Sarah Thomson is running for mayor again, dreadlocks and all
This morning, Sarah Thomson pulled up to city hall in a horse-drawn carriage (seriously) and registered to run for mayor for the second time.
For those who may not know, Thomson is the person in the image above. She’s also the person who maintains this odd Tumblr of Toronto subway poetry. And she was also considered a serious contender for the mayoralty less than four years ago.
The relative success of Thomson’s 2010 candidacy was a product of a very strange mayoral campaign. The field of candidates was, in a sense, very narrow, with Rob Ford staking out the hard right and two relatively uninspiring candidates—Joe Pantalone and George Smitherman—vying for the not-Ford vote. The other quirk of that election was that there was only one credible woman on the ballot: Thomson, a previously little-known small businesswoman (she runs the Women’s Post, a freebie newspaper). What started as a long-shot bid gradually became more serious, in part because Thomson was frequently included in debates and covered by the media. She ultimately withdrew from the race, but may have put in a decent showing had she stayed.
For reference, here’s what she looked like at that point in time:
Within a year after the campaign, she’d burnished her reputation to the point that she was able to come within 1,000 or so votes of winning Trinity-Spadina MPP Rosario Marchese’s seat away from him in the 2011 provincial election. Around then, for some reason, she grew dreadlocks and began cultivating an eccentric presence for herself on social media, and now she’s best known as the woman who wrote a Facebook post in which she accused Rob Ford of grabbing her ass.

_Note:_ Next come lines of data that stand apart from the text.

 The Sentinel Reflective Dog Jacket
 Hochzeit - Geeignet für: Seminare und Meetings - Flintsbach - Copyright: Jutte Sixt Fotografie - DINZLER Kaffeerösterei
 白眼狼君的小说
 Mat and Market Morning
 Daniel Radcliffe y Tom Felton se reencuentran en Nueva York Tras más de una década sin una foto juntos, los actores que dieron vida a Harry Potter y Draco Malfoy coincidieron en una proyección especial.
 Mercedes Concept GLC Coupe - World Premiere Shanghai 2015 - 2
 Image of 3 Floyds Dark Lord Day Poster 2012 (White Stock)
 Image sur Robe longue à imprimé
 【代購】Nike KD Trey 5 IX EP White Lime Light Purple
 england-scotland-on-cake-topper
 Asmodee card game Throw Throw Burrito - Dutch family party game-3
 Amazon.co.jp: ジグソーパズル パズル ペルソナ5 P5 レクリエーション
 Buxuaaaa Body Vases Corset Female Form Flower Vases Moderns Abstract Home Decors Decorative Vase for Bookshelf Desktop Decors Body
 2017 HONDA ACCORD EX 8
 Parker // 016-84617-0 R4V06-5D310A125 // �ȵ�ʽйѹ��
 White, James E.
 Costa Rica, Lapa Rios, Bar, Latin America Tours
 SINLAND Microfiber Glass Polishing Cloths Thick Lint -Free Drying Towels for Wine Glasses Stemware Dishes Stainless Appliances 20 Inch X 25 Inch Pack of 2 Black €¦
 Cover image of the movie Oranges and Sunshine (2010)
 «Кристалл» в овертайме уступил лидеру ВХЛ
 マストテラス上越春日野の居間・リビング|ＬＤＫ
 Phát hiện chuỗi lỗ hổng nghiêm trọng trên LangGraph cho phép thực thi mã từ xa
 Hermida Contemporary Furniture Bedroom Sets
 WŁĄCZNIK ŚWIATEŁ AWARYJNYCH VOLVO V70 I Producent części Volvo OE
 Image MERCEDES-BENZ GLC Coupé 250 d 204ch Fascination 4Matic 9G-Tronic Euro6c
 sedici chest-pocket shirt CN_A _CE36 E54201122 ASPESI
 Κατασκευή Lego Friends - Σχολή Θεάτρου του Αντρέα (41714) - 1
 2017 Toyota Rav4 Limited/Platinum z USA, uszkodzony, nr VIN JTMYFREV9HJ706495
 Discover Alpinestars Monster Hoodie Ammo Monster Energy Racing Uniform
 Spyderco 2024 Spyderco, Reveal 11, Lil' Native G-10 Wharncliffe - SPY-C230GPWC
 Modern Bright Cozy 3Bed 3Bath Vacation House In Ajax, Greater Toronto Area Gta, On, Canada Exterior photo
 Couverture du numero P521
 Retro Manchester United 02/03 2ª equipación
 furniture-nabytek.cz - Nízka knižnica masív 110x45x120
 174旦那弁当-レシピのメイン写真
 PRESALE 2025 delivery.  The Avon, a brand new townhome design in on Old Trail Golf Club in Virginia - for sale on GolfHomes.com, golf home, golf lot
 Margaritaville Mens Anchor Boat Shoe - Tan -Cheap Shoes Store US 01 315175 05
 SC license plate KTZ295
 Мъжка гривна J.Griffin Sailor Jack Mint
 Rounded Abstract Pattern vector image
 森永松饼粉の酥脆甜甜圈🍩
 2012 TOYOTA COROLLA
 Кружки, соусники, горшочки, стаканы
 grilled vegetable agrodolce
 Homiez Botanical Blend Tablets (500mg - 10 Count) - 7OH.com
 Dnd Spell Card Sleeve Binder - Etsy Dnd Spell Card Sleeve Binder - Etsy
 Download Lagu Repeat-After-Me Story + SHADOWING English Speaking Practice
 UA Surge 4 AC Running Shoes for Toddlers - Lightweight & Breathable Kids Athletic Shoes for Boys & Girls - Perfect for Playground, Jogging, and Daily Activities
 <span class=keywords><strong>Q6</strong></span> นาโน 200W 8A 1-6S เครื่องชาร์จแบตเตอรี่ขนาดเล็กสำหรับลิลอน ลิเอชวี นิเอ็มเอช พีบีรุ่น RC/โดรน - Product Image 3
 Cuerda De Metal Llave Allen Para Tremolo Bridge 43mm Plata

It’s foolish to try to predict the outcome of a Toronto mayoral election, but this much seems likely: Thomson is going to have a harder time being taken seriously this time around, and not just because of her choice of hairstyle. For one thing, her campaign executives in the 2010 race were John Tory’s sons, who obviously have their father’s own mayoral bid to think about this time around. For another, Karen Stintz and Olivia Chow are both seriously impressive women with immense political experience. If there was a diversity element to Thomson’s success last time around—that is, if reporters were more inclined to cover her because she was the only woman—it won’t work for her now. Not only is she not unique in the race, she’s utterly outclassed.